In Ohio, retired middle-school science teacher Eileen DeRolf has become an outspoken critic of Illuminate and the policies that brought it to Pataskala. She points to a 15-year tax abatement from the city and $4 million in incentives from a state economic development agency, to say nothing of the $350 million in potential annual tax subsidies from the Inflation Reduction Act. 

“To me, this is betraying America, to allow an uneven playing field,” DeRolf said. “I happen to not particularly want our geopolitical No. 1 enemy to benefit off our economic system.”

Illuminate and its American and Chinese parent companies see it differently. They point to an influx of well-paying jobs and to a resurrection of manufacturing in a fast-growing sector of the economy. 

“We’re a majority-owned American company,” said John Duer, Illuminate’s chief legal officer. “We have a minority partner based in China. We’re not a Chinese company trying to do business in the U.S.”

Executives at Invenergy and Longi had been talking about collaborating for years, but it took the Inflation Reduction Act — the 2022 law meant to jumpstart U.S. clean energy manufacturing — to spur them to action. Less than seven months after President Joe Biden signed the IRA, they announced plans for the Pataskala plant, and by early 2024, panels were rolling off the assembly line.

In addition to the tax credits Illuminate can claim for its U.S.-made panels, its parent companies reap significant benefits from the tie-up. Invenergy is the factory’s first and biggest customer, earning additional credits for using domestically produced components in its solar arrays. And Longi, like other Chinese panel-makers, brings advantages gained through decades of experience and generous support from Beijing. 

China identified solar panels as a priority more than a decade ago, handing subsidies and low-cost financing to developers and manufacturers, while pushing utilities to use more renewable power. Chinese firms also benefited from cheap electricity and cheap labor.

In addition, the industry has been dogged by allegations that some suppliers used forced labor from the country’s westernmost province, a mostly-Muslim region called Xinjiang. Beijing has repeatedly denied these accusations.
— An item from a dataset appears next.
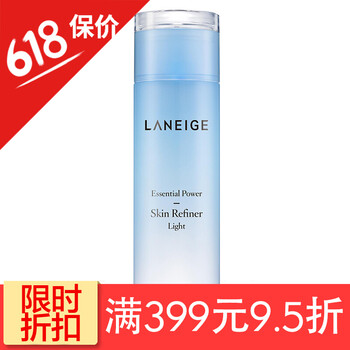 蘭芝水200ml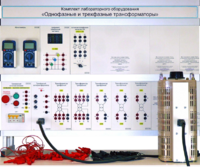 Комплект лабораторного оборудования «Однофазные и трехфазные трансформаторы»  - fgospostavki.ru - Махачкала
What no one disputes is that today Chinese companies dominate the market for solar panels and all of their component parts.

For environmental advocates, China’s cheap panels have been a boon, driving a more than 50-fold increase in emissions-free solar power generation globally since 2010. But to American rivals, something more nefarious was at work. They argued Chinese solar companies were selling their products below cost to unfairly corner the market, and trade authorities agreed, kicking off a cycle of tariffs meant to level the playing field.

Today, steep U.S. tariffs have effectively killed domestic demand for made-in-China solar panels. Companies, including Longi, first responded by shifting operations to other Asian nations, spurring another round of trade probes and enforcement. By producing panels in Ohio, Longi steps out of this game of Whac-a-Mole — and avoids at least $155 million in annual tariffs.

(The estimate is based on the average price in September for panels exported to the U.S. ($0.25 per watt), Longi’s share of Illuminate’s planned annual production capacity (5GW) and a potential combined antidumping and countervailing duty rate for Malaysian modules exported to the U.S. of 25%. Note: Any final antidumping and countervailing duty rates would be set as part of a U.S. trade probe of imports from Malaysia and three other Southeast Asian nations expected to conclude next year.)

Combined with the incentives from the IRA, Longi and other panel-makers can “make huge profits,” said Yana Hryshko, chief solar analyst at consulting group Wood Mackenzie. After surviving two decades of industry turbulence, these “are not stupid companies,” she said. “They will not make a move without being confident.”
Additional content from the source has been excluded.